WHAT YOU NEED TO DO: Please repeat every entry exactly as written, but skip the pictures.
START RECORDED INFORMATION
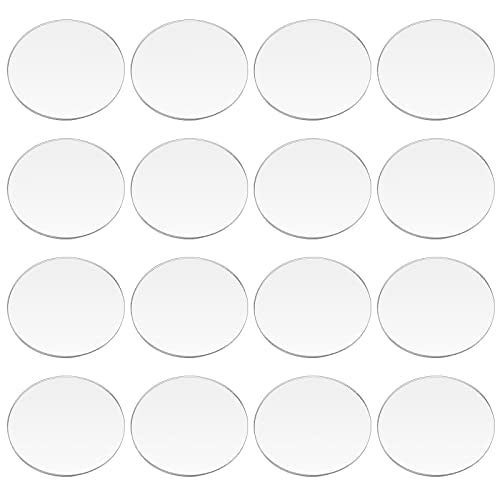 FINGERINSPIRE 30 Pcs Clear Circles Acrylic Sheet 2 inch Clear Acrylic Discs - color: 2 Inch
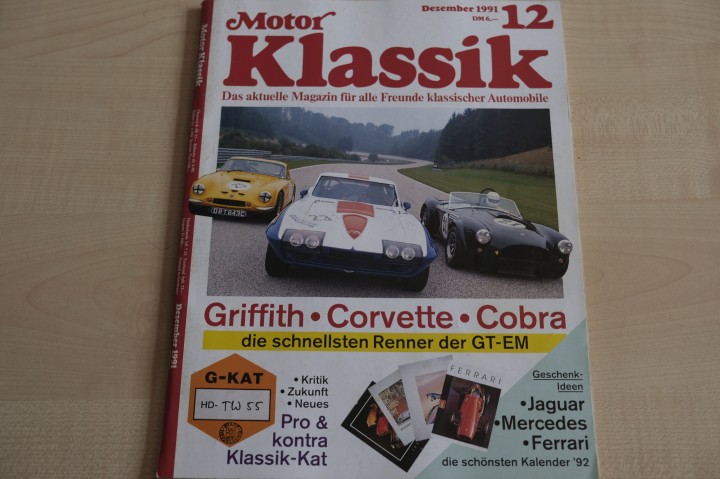 Deckblatt Motor Klassik (12/1991)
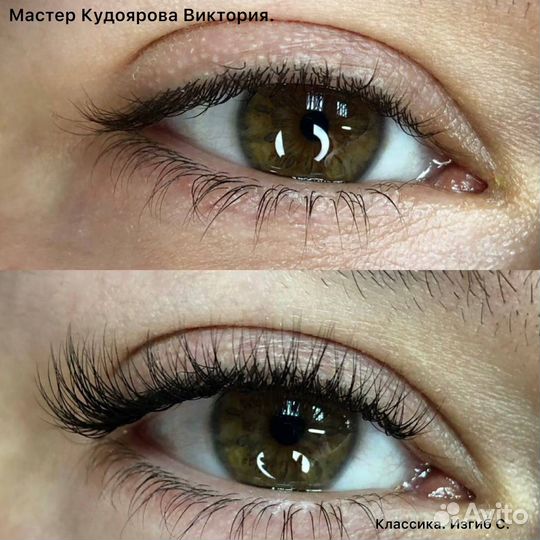 Наращивание ресниц модель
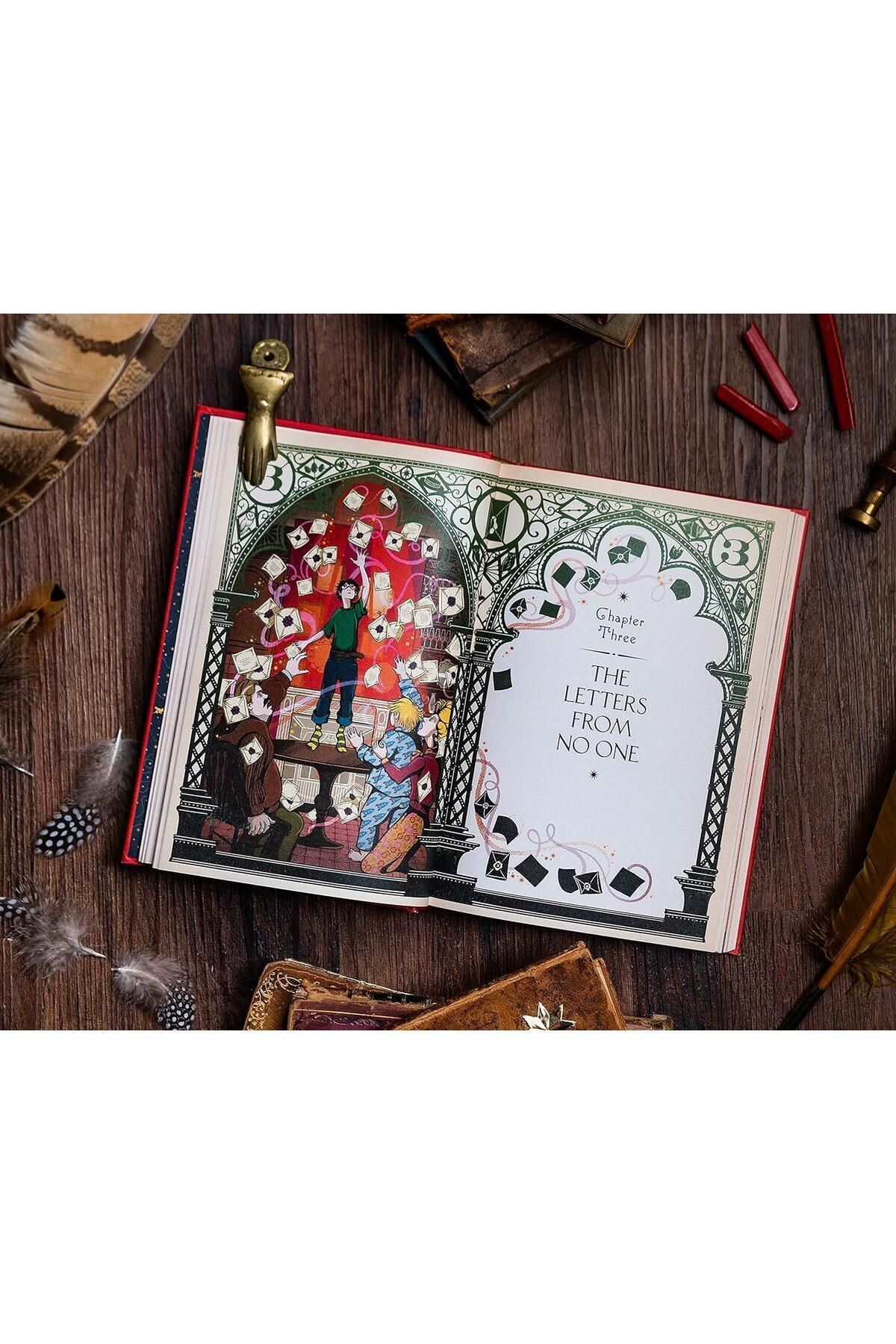 Kolektif Kitap-Harry Potter and the Philosopher's Stone: MinaLima Edition: J.K. Rowling - Hardcover 3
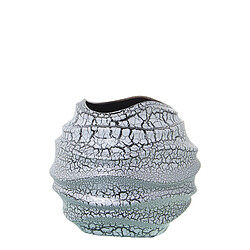 Vase Alexandra House Living Gris Argenté Céramique Craquelé 26 x 27 x 25 cm 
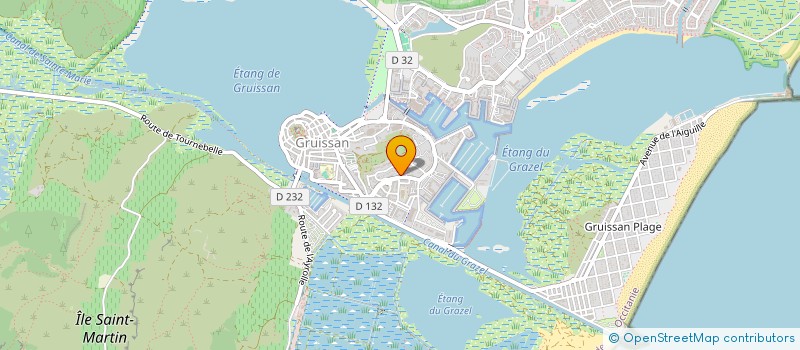 localisation de l'entreprise MONSIEUR GEORGES DEVILLE  GRUISSAN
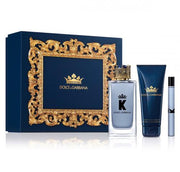 DOLCE & GABBANA ''K'' 3 PCS SET FOR MEN: 3.3 EDT + 3.3 A/S BALM + 0.33 EDT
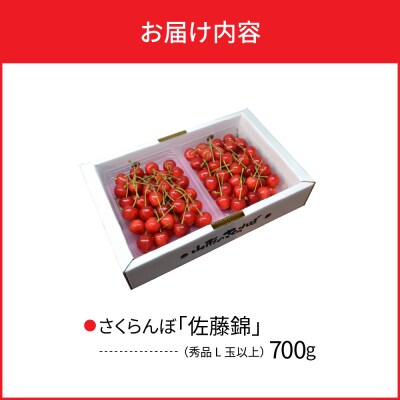  【令和7年産】さくらんぼ 佐藤錦 700g L玉以上 ギフト箱入 秀品 山形県産【山形eLab】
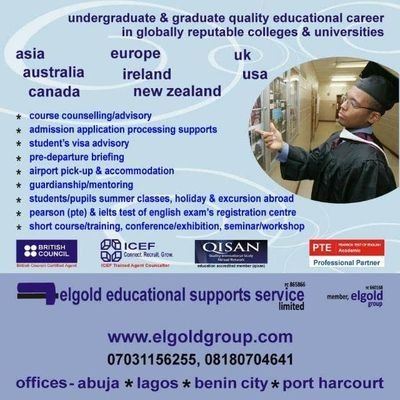 Elgold educational support service avails you the opportunity of pursuing quality educational career in globally reputable colleges and universities.
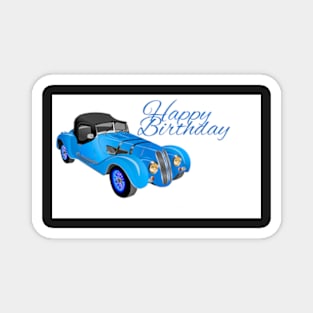 Classic Birthday Car Magnet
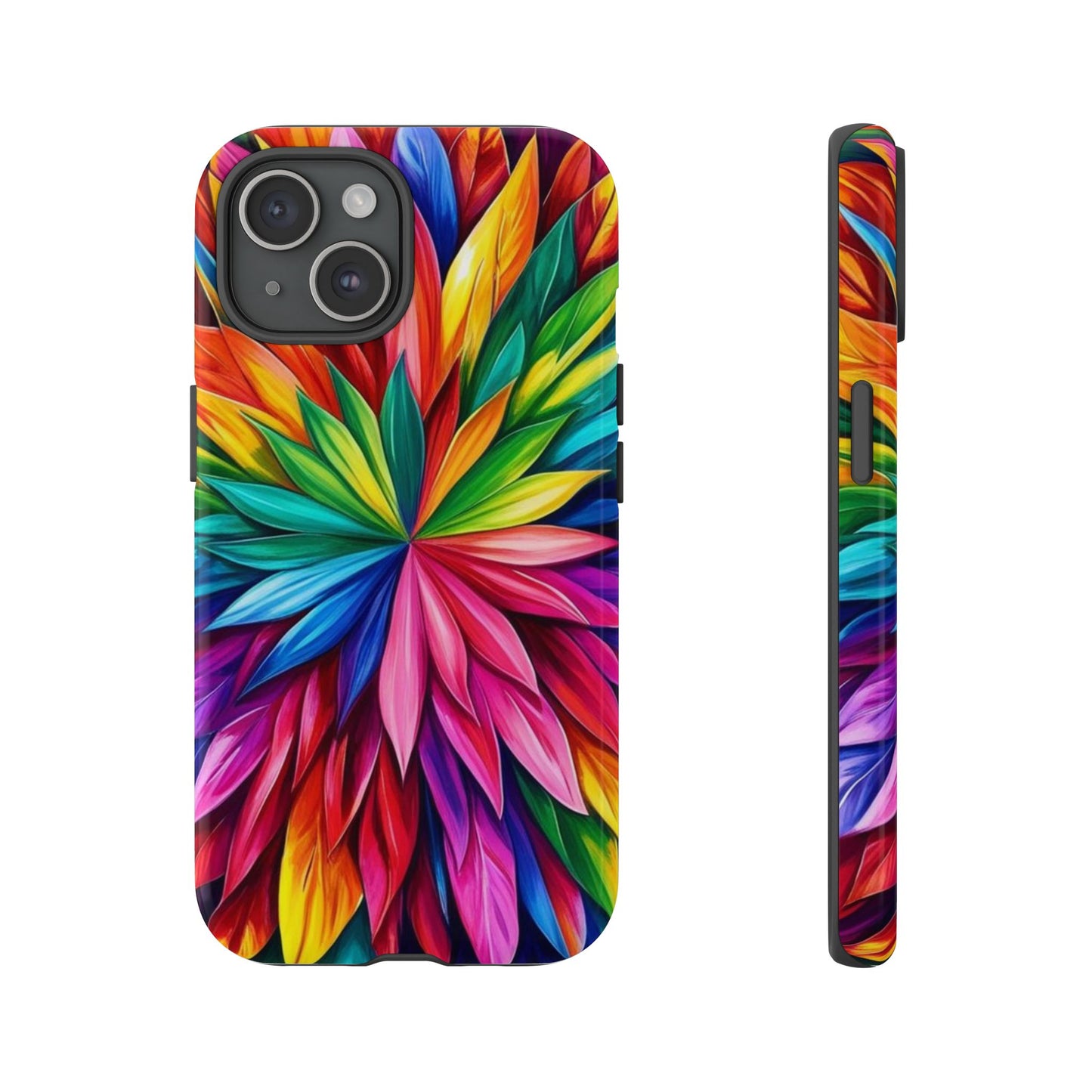 Colorful Floral Phone Cover - Tough Cases for Vibrant Protection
END RECORDED INFORMATION
WRITTEN ANSWER:
 FINGERINSPIRE 30 Pcs Clear Circles Acrylic Sheet 2 inch Clear Acrylic Discs - color: 2 Inch
 Deckblatt Motor Klassik (12/1991)
 Наращивание ресниц модель
 Kolektif Kitap-Harry Potter and the Philosopher's Stone: MinaLima Edition: J.K. Rowling - Hardcover 3
 Vase Alexandra House Living Gris Argenté Céramique Craquelé 26 x 27 x 25 cm 
 localisation de l'entreprise MONSIEUR GEORGES DEVILLE  GRUISSAN
 DOLCE & GABBANA ''K'' 3 PCS SET FOR MEN: 3.3 EDT + 3.3 A/S BALM + 0.33 EDT
  【令和7年産】さくらんぼ 佐藤錦 700g L玉以上 ギフト箱入 秀品 山形県産【山形eLab】
 Elgold educational support service avails you the opportunity of pursuing quality educational career in globally reputable colleges and universities.
 Classic Birthday Car Magnet
 Colorful Floral Phone Cover - Tough Cases for Vibrant Protection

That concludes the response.